This month’s “Agree to Disagree” is up now on Richmond.com. The topic is Obama’s Inaugural Address.

It’s fashionable in some quarters to caution against getting too excited about the ascendancy to power of Barack Obama. Some hard core conservatives still mock Obama’s progressive idealism, while at the other end of the spectrum some on left activists are already convinced Obama is just a re-branding of American imperialism.
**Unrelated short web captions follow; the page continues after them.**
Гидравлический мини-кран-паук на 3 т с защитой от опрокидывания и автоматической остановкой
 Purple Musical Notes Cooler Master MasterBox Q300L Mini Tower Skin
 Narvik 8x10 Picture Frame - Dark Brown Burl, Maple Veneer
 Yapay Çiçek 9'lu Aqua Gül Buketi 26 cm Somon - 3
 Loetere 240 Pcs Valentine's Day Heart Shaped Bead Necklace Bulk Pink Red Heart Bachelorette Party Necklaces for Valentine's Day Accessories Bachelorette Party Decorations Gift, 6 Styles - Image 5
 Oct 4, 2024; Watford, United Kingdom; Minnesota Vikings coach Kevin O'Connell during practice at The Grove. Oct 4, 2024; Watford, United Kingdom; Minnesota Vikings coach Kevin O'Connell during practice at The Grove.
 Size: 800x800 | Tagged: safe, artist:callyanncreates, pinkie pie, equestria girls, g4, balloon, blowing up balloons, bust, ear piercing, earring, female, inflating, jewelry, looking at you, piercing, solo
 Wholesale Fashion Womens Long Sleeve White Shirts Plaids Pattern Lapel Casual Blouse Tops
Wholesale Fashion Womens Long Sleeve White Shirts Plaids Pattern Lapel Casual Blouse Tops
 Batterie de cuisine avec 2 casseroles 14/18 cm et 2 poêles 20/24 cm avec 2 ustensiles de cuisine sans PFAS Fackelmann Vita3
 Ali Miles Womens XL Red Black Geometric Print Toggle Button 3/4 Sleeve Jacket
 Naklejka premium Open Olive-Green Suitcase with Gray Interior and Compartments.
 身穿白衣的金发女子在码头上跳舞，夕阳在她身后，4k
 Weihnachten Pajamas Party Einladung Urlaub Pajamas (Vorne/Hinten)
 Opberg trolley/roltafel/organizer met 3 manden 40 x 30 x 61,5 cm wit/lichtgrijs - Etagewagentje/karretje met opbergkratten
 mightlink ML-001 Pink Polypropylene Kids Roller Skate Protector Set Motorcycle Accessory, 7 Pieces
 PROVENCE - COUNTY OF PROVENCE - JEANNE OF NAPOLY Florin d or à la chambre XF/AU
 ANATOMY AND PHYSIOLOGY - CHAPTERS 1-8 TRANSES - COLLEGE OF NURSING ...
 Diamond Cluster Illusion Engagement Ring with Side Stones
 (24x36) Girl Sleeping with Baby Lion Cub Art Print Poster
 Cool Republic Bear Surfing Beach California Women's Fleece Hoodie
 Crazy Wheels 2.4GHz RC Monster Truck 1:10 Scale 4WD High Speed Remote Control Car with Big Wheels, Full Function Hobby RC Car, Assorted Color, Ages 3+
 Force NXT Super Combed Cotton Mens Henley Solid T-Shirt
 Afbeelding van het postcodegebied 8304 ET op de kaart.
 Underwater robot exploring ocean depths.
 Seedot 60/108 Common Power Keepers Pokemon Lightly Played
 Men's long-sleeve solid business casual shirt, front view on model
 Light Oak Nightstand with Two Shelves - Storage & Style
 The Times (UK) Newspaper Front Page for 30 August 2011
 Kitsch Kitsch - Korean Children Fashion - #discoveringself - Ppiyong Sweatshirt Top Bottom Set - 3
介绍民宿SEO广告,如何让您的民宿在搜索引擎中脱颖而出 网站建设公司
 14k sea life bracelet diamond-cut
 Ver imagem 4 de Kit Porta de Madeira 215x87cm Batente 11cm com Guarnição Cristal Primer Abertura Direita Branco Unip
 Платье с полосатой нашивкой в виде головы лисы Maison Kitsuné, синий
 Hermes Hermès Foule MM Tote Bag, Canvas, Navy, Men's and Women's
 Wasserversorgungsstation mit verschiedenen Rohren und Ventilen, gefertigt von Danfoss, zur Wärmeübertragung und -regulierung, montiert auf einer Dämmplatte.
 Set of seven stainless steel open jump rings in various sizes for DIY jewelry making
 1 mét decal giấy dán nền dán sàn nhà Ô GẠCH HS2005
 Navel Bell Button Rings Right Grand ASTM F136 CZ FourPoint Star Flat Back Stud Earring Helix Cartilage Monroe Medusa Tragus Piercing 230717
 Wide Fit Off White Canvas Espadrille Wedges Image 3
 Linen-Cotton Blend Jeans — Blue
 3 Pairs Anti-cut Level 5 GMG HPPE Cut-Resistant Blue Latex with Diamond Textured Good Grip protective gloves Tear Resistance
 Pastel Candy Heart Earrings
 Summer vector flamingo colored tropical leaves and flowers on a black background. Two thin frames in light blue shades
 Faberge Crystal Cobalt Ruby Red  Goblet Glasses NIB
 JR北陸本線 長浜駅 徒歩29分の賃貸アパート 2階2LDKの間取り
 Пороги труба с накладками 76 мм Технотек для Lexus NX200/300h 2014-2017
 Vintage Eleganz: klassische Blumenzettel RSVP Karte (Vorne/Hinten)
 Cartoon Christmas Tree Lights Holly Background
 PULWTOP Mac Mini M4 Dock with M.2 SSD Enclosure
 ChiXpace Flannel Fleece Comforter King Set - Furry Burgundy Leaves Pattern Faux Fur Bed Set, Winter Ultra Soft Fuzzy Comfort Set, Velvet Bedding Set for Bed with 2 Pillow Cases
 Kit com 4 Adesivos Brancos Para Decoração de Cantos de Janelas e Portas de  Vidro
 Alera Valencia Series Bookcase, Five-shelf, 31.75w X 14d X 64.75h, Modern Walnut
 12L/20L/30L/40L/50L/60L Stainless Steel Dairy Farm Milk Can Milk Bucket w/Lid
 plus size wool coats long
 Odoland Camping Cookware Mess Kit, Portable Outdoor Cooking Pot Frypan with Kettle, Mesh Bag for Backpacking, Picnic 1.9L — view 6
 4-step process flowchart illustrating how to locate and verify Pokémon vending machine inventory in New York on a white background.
The skeptics and cynics should have been at Boaz and Ruth Tuesday morning as Obama took the oath of office. The North Side community development organization, which focuses on training, life skills, and job placement for recently released prisoners, sponsored a special luncheon at its diner Fire House 15 on Meadowbridge Road. The gathered crowd—white and black, young and old—cheered when it was announced (at high noon) that Obama was now the president, cheered again after the oath of office, again during the speech, and once more after Joseph Lowery’s benediction.

For the crowd at Boaz and Ruth, this was an unambiguous moment of hope and promise that this country might change its direction and become something different in the new century.

But what is it we are to become? For the skeptics have a point: not everything can, will or should change at once. In four and eight years America will still be country that spends vast billions on the military, that still has vast differences in life opportunity between the best-off and the least-off, that still burns too many fossil fuels and releases too much carbon into the atmosphere.

Moreover, in the normal course of events, gridlock and delay are the rules of American politics. This is particularly the case with respect to progressive legislation that aims to contain or challenge powerful private interests. Getting any kind of meaningful health care bill passed, for instance, remains a monumental political challenge. Generally speaking, the capacity of liberal reform to re-shape or alter long-term trends towards greater social inequality is limited.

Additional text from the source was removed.